Poof. It’s a gentle sound, not alarming, and it’s accompanied by a modest puff of pearly smoke. It’s me seeing a pattern that’s been there forever, a pattern that suddenly shifted like a kaleidoscope and settled into something distinct, and distinctly different. Poof. Look at this again.

In high school I began to find an affinity for acting through the Drama Club, whose initial attraction was that it rehearsed at 7:30 AM and got me out of the house soon after my father left for work: anything to cut down alone-time with my mother. To begin with, it was the experience of getting the parts that the cute girls wouldn’t touch, like Lady Bracknell in The Importance of Being Earnest. She was outrageous and bossy and had comic lines crafted to land like mortar shells. I didn’t remotely have the craft to support this, but I could feel the potential. Not for a moment did I comprehend that this had been the center of my mother’s profession.

She’d been a vaudeville comedienne for ten years, touring all over the country and earning very nice money once she got established. In vaudeville comedy you’d better be able to land zingers, and she knew how. It’s how she could reduce me to tears and snot in thirty seconds flat.

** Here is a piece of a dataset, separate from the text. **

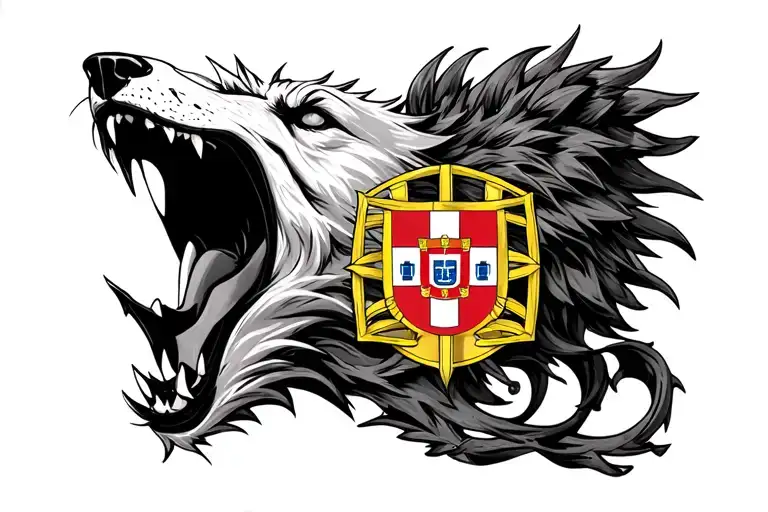 Fusion between a very nasty wolf open mouth and the coat of arms of Portugal, fusion of the image tattoo design idea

When I was a senior, the German teacher I had a huge crush on decided that the junior class should do a play, and it would be Our Town. I wasn’t in it, but I did some support work, and I saw the cast come together to become the beating heart that is the center of this play. I had no way of knowing that at the same time an Iowa high school actor was seeing part of this same play at a state contest, and that it would change his life forever. I only knew that I loved what John Deethardt had directed and given to the junior class. It was not at all what I’d been doing in the Drama Club, and it was what I wanted.

I graduated and went to the University of Michigan as a pre-med honors student, a goal I’d fixated on for four years, and then I got deeply involved with theatre. My mother was not supportive of this idea. “You have no heart, no looks, no voice, and no sense of humor. Forget it.” It was a pretty strong assault, but it wasn’t effective. I’ve lived my life in the theatre and I’ve been good at it.

Here’s what I didn’t realize. Theatre was her world. She’d fled a damaging childhood, made her way through elite theatre training in New York, and had become a self-supporting respected performer in a very harsh world. It was her world, and she’d paid her dues. Who was I to try to gate-crash? She’d voluntarily left that world to become a wife, possibly a mother, but I was a Hail-Mary adoption when that didn’t happen. I should be her fulfillment, not her competitor.

I never quite understood her vicious attacks on my attraction to theatre. I thought of it as an attack on me, but I never thought of it as a defense of what had been hers. Her image of me had been created by her own parenting, and it was the image of an unattractive weakling suited only for quiet intellectual activity. But in the Chinese zodiac, I wasn’t just a dragon, I was a Golden Dragon. In time, I realized that and claimed a world that was rightfully mine.

I came long ago to the point where I could forgive her abuse. Now, realizing that she was defending her private territory, the arena where she herself had come to power, gives me a new insight into forgiveness.